1868 - Gerhard Rohlfs
In Adua/Adwa
Äthiopien
Wir umgingen nördlich den Semaita-Berg, eine Schlucht übersteigend, die ihn vom Raya-Berg trennt, und den Gu-Asses, den Gedem-Anharet, endlich den Aba Gerima links lassend, langten wir nach 3 Stunden vor Adua an.
Obgleich wir von einem unserer Armeedolmetscher, der von Adaua war, die Erlaubnis bekommen hatten, sein Haus zu beziehen, so zogen wir doch vor, unsere Zelte aufzuschlagen, und fanden auch einen hübschen Platz unter einem Feigenbaume, welcher Schatten für tausend Menschen bietet. Gleich darauf brachen wir aber auf, um die Stadt zu besehen. Adua liegt auf dem linken Ufer eines immer Wasser habenden Rinnsales, der vom Semaita kommt und Assem heisst.
Die Stadt Adua ist ganz verschieden von allen anderen abessinischen Orten. Mit einer Mauer umgeben macht sie den Eindruck einer wirklichen Stadt, und die hohen, oft mit einem Stockwerke versehenen Häuser, welche manchmal sogar kleine maurische Fenster haben, tragen nicht wenig dazu bei, den städtischen Eindruck zu erhöhen.

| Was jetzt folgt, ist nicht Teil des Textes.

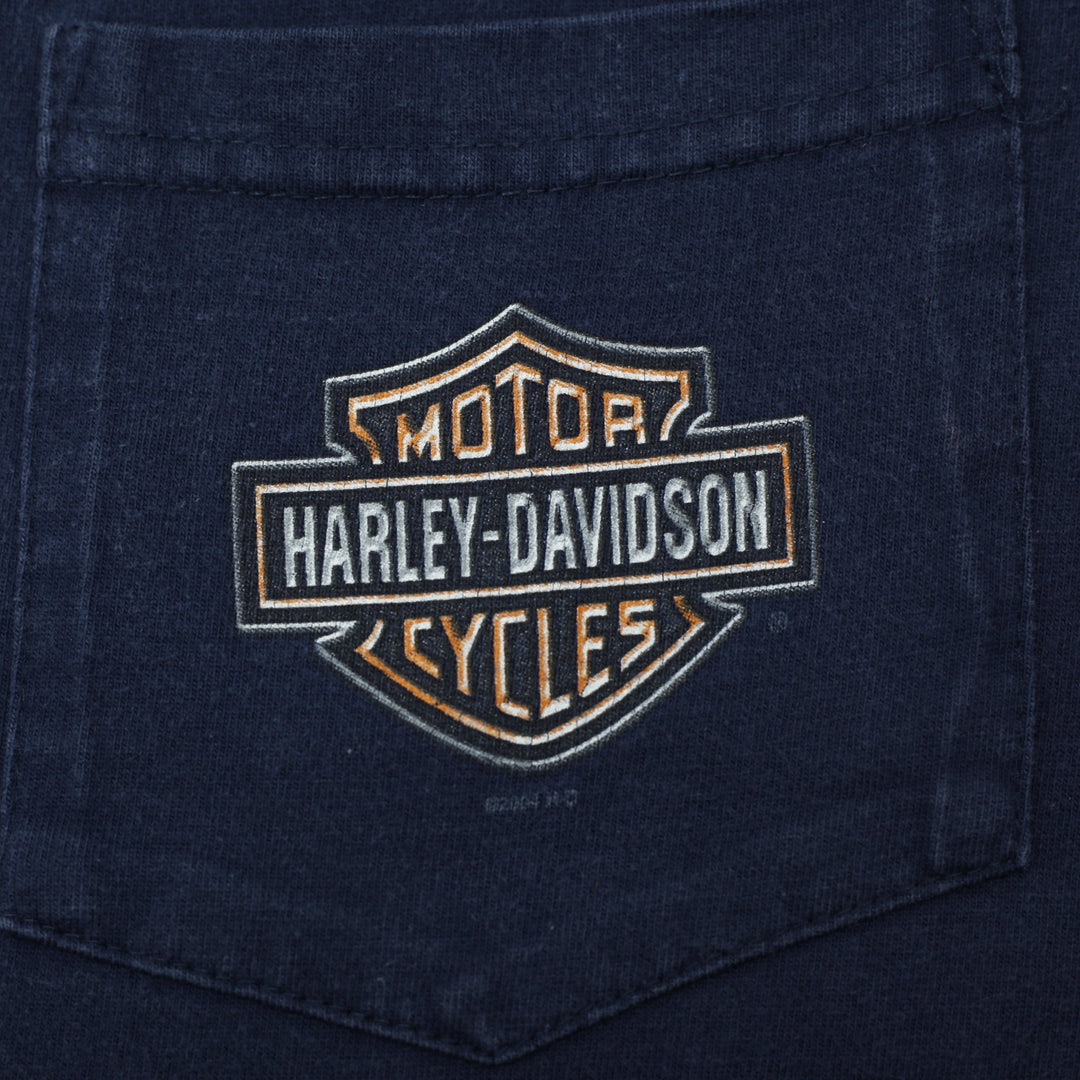 Vintage Harley-Davidson Flames Long Sleeve T-Shirt Size L | Migration_T-Shirts - Alternate View | Fashion Rerun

Aber selbst die weitläufigen Vorörter mitgerechnet, welche Adua nach Süden und Osten umgeben, glaube ich nicht, dass die Stadt, wie Ferret und Gallinier angeben, 4000 Einwohner hat. Wenigstens jetzt glaube ich nicht zu niedrig zu greifen, wenn ich sie auf circa 2000 Einwohner schätze.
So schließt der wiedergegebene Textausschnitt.